I was born at just the right time for home computing, just as it started up, and as a nerdy teenager it was ideal for me.
My love for computing started at school, I was 15 and I was made aware that there was a new extra curricular computer class starting, for the first time in the school. I went along, it was run by my Chemistry teacher Mr Hughes and involved learning about programming in the BASIC language, leading to a Computing O level qualification. There was one problem, the school had no computer! In fact there was no such thing as computers in schools. What we had to do was write our programs out on coding sheets, post these off to a local college, in Northampton (who had a mainframe computer), where our programs would get entered, using punch cards, run and the printed result sent back to us (along with our program saved on punch card). We had one chance to submit a program a week. If there was an error in the code, that weeks output would be a compiler error, whereby we would have to manually locate the error in the code and resubmit it next week. It was long winded but it was new and I found it fascinating.
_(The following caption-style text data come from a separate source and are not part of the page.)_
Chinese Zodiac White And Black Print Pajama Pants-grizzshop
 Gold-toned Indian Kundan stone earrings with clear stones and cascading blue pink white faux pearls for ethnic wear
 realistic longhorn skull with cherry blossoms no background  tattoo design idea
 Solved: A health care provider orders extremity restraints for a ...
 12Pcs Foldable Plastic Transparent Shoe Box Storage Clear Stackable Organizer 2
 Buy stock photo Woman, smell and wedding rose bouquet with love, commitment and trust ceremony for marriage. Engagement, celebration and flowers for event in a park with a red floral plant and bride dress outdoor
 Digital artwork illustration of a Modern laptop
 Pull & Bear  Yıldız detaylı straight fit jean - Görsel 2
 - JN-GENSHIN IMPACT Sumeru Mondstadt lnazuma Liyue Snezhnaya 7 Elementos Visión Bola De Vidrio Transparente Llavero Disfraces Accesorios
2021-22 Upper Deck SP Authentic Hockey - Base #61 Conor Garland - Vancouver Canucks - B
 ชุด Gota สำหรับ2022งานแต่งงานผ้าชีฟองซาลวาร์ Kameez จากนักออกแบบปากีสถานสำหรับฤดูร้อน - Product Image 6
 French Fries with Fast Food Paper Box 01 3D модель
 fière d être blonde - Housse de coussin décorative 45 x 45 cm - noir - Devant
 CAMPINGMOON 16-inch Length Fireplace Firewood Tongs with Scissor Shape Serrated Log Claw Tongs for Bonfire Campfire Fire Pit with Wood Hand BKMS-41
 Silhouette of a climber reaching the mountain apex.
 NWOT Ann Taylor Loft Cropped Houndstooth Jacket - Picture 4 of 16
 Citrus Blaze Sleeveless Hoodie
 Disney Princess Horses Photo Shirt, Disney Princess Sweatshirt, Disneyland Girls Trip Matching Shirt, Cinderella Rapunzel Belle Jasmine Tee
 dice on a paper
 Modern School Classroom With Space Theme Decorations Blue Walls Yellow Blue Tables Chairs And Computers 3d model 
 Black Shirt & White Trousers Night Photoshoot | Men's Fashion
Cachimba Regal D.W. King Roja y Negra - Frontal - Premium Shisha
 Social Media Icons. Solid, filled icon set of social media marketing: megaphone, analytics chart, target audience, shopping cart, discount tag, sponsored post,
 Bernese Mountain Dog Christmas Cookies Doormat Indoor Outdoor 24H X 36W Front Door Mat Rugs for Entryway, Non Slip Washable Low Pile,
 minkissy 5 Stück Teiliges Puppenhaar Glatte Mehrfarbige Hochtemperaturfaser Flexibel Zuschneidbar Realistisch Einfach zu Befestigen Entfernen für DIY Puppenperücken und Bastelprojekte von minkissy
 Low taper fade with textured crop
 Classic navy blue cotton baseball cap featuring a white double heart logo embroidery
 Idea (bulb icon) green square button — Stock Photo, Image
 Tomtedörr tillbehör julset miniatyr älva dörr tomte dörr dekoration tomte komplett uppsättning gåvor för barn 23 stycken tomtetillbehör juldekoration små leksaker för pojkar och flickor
The 'highlight' of the course was that during the summer holidays we were allowed to go to the local college, an hours bus ride away, and use the mainframe computer ourselves for a week. At the college we could use a paper driven teletype machines to enter and run our programs directly into the computer. This was a machine a bit like a typewriter with a printer output instead of a screen. I did once get a chance to use the single VDU terminal, which was in the actual computer room itself. You were not allowed to save your programs on the hard drive, it was all held in memory, you had to produce a ticker tape to save your program. There were some programs on the computer that you could run, including a few games such as naughts and crosses and hangman.
I found it all amazing, I could get the computer to 'think' and do things. In the 2nd year of the course we had to submit a program as course work. I decided to write a chess program. Of course it was far too ambitious, but I managed to get it to display a chess board and allow valid moves, I even managed to get the computer to make a couple of valid chess moves itself, but that was far as I got. It was good enough to pass the course though.
I even used the cover of a computer world magazine as the basis for an art piece I used in my O'level art portfolio.
At the same time, as the computer course was finishing, the home computer/games world was just starting. My dad bought home a Binatone games console which played pong on the tv. This was soon followed by a ZX80 which was amazing, I could write programs at home.
At this point I will leave home computing and games consoles to another blog entry.
I had no idea what I was going to do for a job. I was still at school doing some random A levels (Maths, Geography and Art). Knowing my love for computers, my dad took me along to an open day at Wellingborough Tresham College, who had teamed up with a local electronics company GEC Reliance to offer Computing apprenticeships with a BEC qualification. It was just what I wanted, but they wanted people with A levels, however they let me apply and I did an aptitude test and an Interview. Then, because they didn't have enough people to fill the course, I was offered a place. All of a sudden I had a job and left school.
The job was great, it involved 3 month chunks of time in the various departments within the company learning about all types of computing. Being a phone electronics company this varied considerably from very low level electronic based computing for phone control, electronic research computing analysing wave patterns using Fortran programs, office systems written in Basic on standalone PET machines and company mainframe systems in COBOL. This was interleaved with 6 weeks at college doing more academic computing. It was a great time, we were mainly left to do our own thing at work and I wrote a pretty good stock control system on the PET, although we were always fighting with lack of machine power and memory. I was always more interested in the business computing rather than the electronic computing. As we were left alone a lot I also wrote some games, a nice 'digger' type game on the PET and I completed the simple chess program I had started at school in COBOL on the mainframe (it wasn't very good, but it did play chess). I made a good friend Andrew Bailey whom I spent most of my placements with.
I loved programming.
I passed the BEC qualification, finished the apprenticeship and was offered a full time job in the business IT department writing COBOL programs.
After a year I applied for a job in the computing department of another local firm Weatherbys, I'm not sure why exactly, I thing I was just curious. I was offered an Analyst job but the money wasn't any better than i was already on so I turned it down. But they had liked me so they offered a bit more money and I decided to give it a go. I have been there ever since.
Weatherbys is an unusual company in that they administer horse racing in Great Britain under contract of the governing body, so the computer systems needed are varied and interesting. When I first started we were using COBOL on Honeywell mainframe computers, they even still had a data entry department and used ticker tape to communicate race details to the press.
The computing world has changed rapidly since I started, the biggest changes being the emergence of the PC and the Internet, and Weatherbys has had to incorporate these into its business. I have been involved in many interesting projects including, introducing relational databases, real time entry and processing of race entries (first via phone, then by the internet), interfacing with printing systems, the millennium changeover and many others.
When I was in my 30s I did a computing degree at Northampton University as a part time evening course.
I still love computers, although today I don't get much change to do any programming.